### Exercise description
Go to the line that contains "this 406×442 image." and transcribe from there to the end of the entries, that line and the last one included.

### Data provided
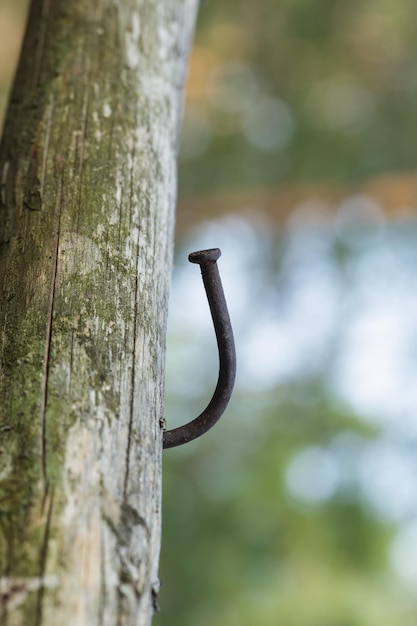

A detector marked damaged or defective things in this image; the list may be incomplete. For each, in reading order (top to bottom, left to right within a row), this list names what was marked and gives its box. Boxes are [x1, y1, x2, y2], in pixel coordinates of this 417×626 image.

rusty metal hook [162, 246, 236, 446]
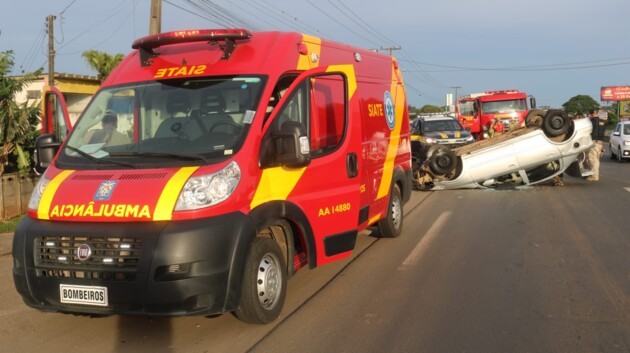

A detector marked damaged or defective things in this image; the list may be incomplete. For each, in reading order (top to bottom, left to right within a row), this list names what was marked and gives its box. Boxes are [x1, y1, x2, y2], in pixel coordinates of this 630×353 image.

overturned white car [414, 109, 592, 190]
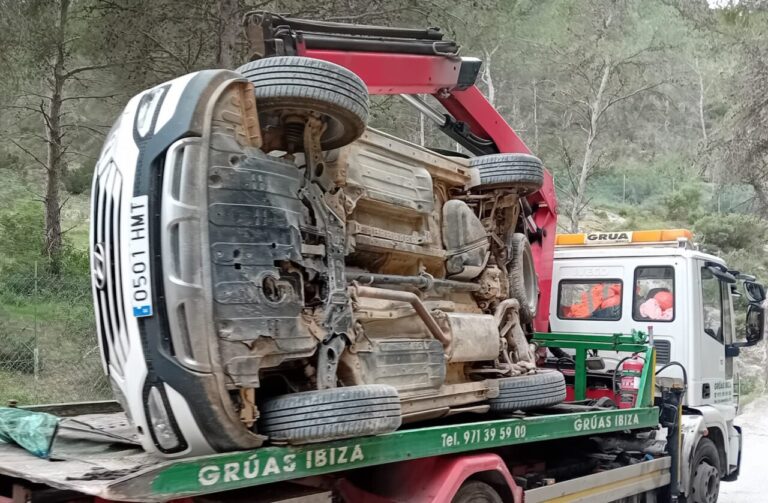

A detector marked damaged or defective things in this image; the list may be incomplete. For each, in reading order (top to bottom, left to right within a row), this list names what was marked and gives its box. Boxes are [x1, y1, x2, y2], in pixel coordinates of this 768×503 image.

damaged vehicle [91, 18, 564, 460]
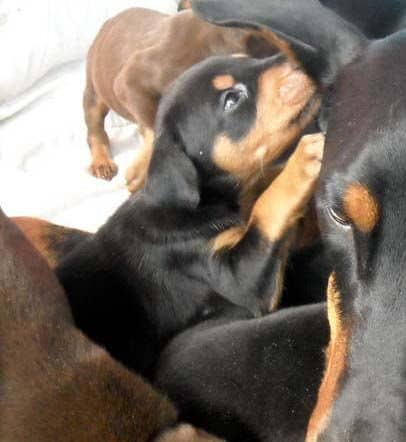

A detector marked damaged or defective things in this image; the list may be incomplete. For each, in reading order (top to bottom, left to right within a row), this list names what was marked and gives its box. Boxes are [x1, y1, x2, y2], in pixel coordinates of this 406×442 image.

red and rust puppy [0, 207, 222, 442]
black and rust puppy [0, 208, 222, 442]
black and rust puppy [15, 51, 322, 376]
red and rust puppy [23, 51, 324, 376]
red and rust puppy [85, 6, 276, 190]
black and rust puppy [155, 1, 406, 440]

### Task solution
A detector marked damaged or defective things in this image; the list may be incomplete. For each, in reading order (top to bottom, left to right within a row), this list names what was marked and gives its box. Boxes are [x1, y1, x2, y2], in pixel coordinates of this 406×442 image.

red and rust puppy [0, 207, 222, 442]
black and rust puppy [0, 208, 222, 442]
black and rust puppy [15, 51, 322, 376]
red and rust puppy [23, 51, 324, 376]
red and rust puppy [85, 6, 276, 190]
black and rust puppy [155, 1, 406, 440]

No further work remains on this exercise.